The third episode of Daisy Jones & the Six finally connects the parallel musical storylines that have been unfolding across the show’s first two episodes.

Titled “Someone Saved My Life Tonight” (an obvious Elton John nod), the episode brings some main characters together. Still, that doesn’t mean the connection is seamless — far from it.

Daisy Jones (Riley Keough) and Billy Dunne (Sam Claflin) have the exact opposite reaction to the experience of recording a song called “Look at Us Now (Honeycomb)” in the studio. Daisy seems overwhelmed by how great the session was, while Billy laments how terrible it went.

To be fair, the reaction could be explained by the fact Billy was caught off guard when the recording wasn’t the demo he’d made. Unbeknownst to him, the record label had dismissed his song. Instead, Daisy had written her own lyrics to the tune’s music at the behest of producer Teddy Price (Tom Wright)—and that’s what they had been focusing on in the studio.

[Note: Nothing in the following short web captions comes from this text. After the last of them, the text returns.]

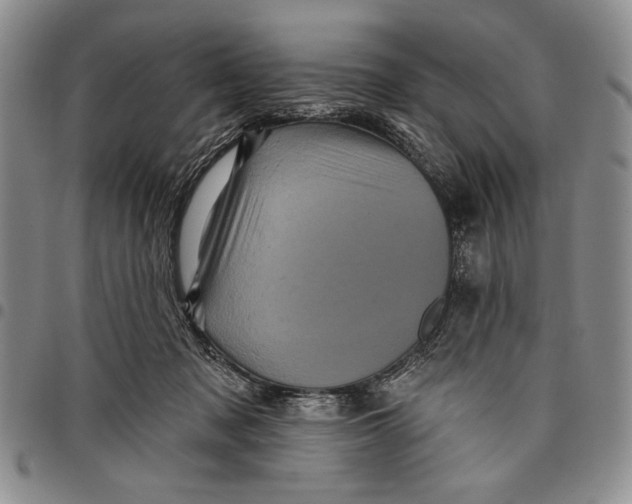 X0000097970317200804141059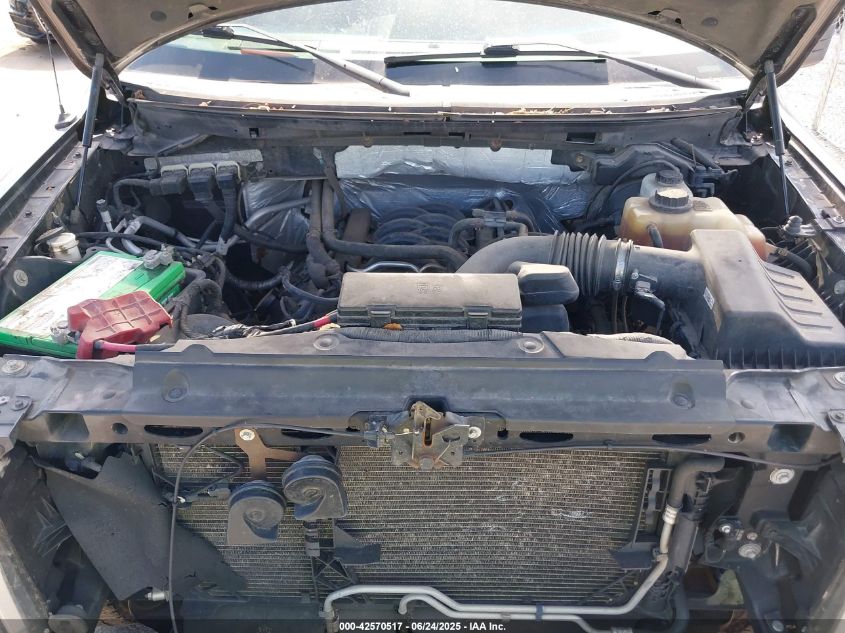 2013 Ford F-150 Xlt VIN: 1FTFX1EF6DFC13501 Lot: 42570517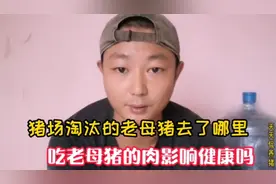 每年1000多万头的淘汰母猪，都做成这个，吃母猪肉影响健康吗？视频封面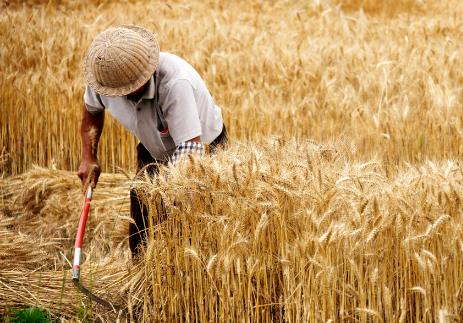粮食安全保障法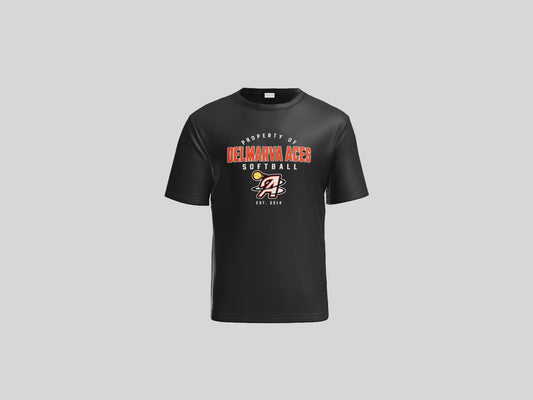 Delmarva Aces Softball Performance Tee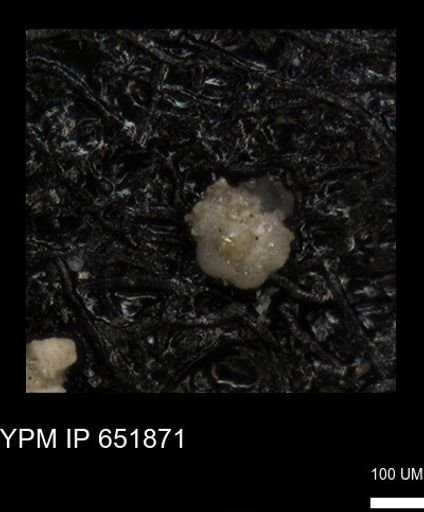 undet. Foraminiferida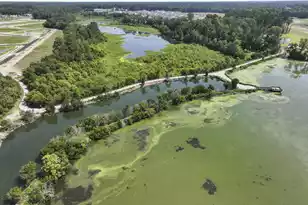 407 Tulip Poplar Dr, Moncks Corner, SC 29461 - Photo 20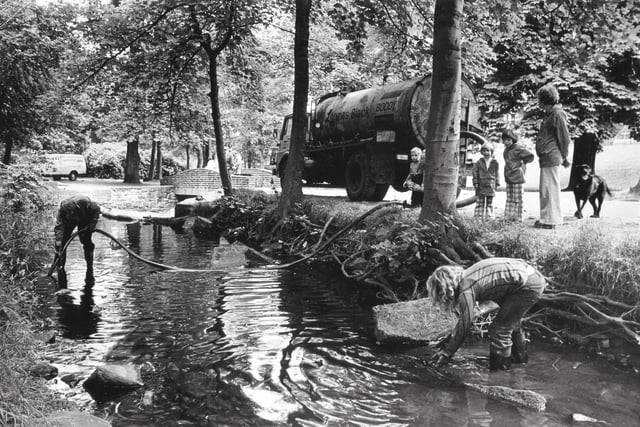 Sheffield retro: 17 nostalgic photos looking back at Endcliffe Park ...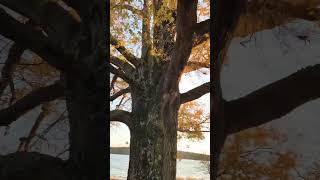 Willow Oak at Jordan Lake NC #shorts #cinematic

To Daisy, the session represented her dreams coming true. “I want to make a record,” she told Price earlier in the episode. “But I want people to listen to it over and over again until it breaks. And then I want to make another one.”

Price tells her she has “one great song”—and just needs 10 more. “Give me a week,” she says confidently.

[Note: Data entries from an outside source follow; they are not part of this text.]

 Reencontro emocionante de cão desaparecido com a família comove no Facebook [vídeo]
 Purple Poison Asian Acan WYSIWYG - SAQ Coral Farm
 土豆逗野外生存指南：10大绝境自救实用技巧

“Someone Saved My Life Tonight” is by far the most action-packed episode yet from the limited musical-drama series, which premieres March 3 on Amazon Prime.

Vocalist Simone Jackson (Nabiyah Be) is facing the same sexism and disrespect Daisy experienced, but is starting to find success in music.

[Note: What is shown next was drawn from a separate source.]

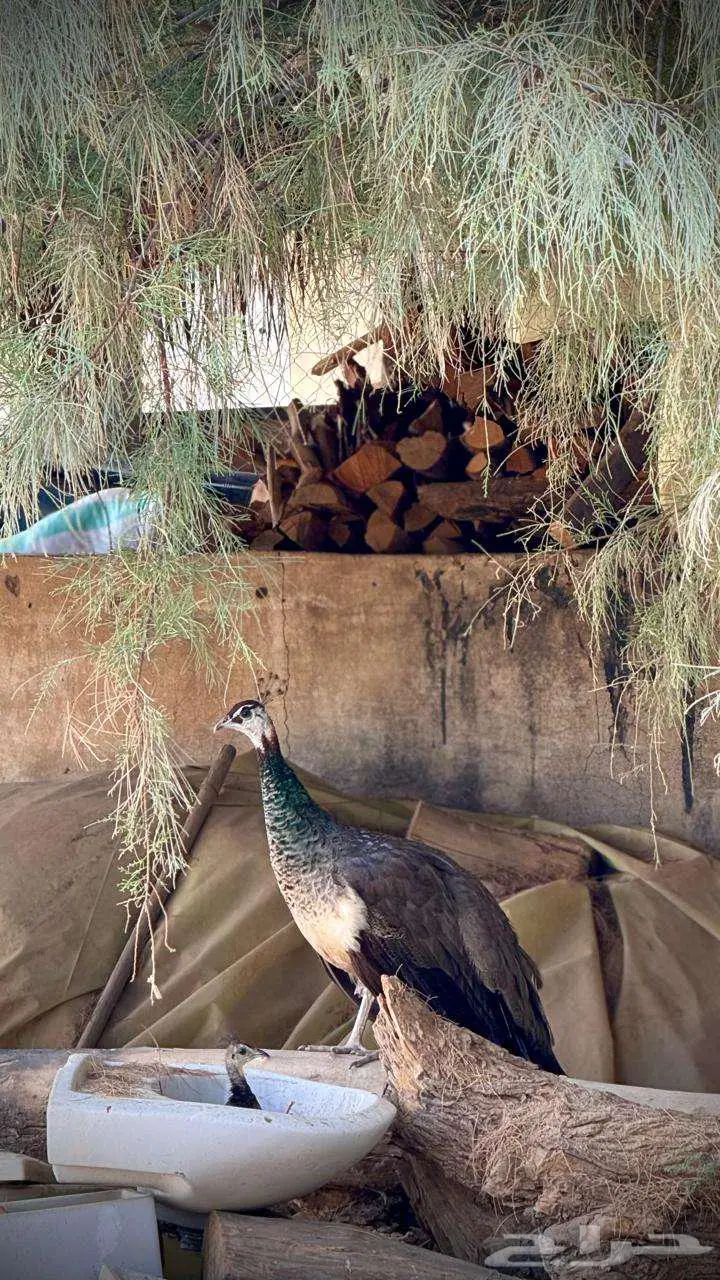 للبيع اثاث مستعمل 19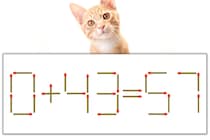【マッチ棒パズル】正しい式にしよう！「0+43=57」【毎日脳トレ】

In another moment of confidence at a party, Daisy confronts someone from her past who insulted her art and talent—and has her revenge, in a most satisfying way.

The young singer's buoyant attitude is shown in stark contrast to Billy’s band the Six, who are floundering and without a record deal due to Billy’s issues with substance misuse.

As the episode starts, Billy is also trying to repair his relationship with Camila (Camila Morrone) and embrace fatherhood. If anything, music is on the back burner, as he’s trying to avoid repeating the mistakes of his own father—an absentee parent who showed up as a deadbeat in episode one—and provide for his little family.

At the same time, Billy is trying to navigate the damaged relationships within his own band and figure out his next steps.

It’s clear that “Look at Us Now (Honeycomb)”—which finds the pair harmonizing beautifully—has something special to it and could lead Billy and the band to the comeback trail.

Whether that trail will be bumpy or smooth is quite another story indeed.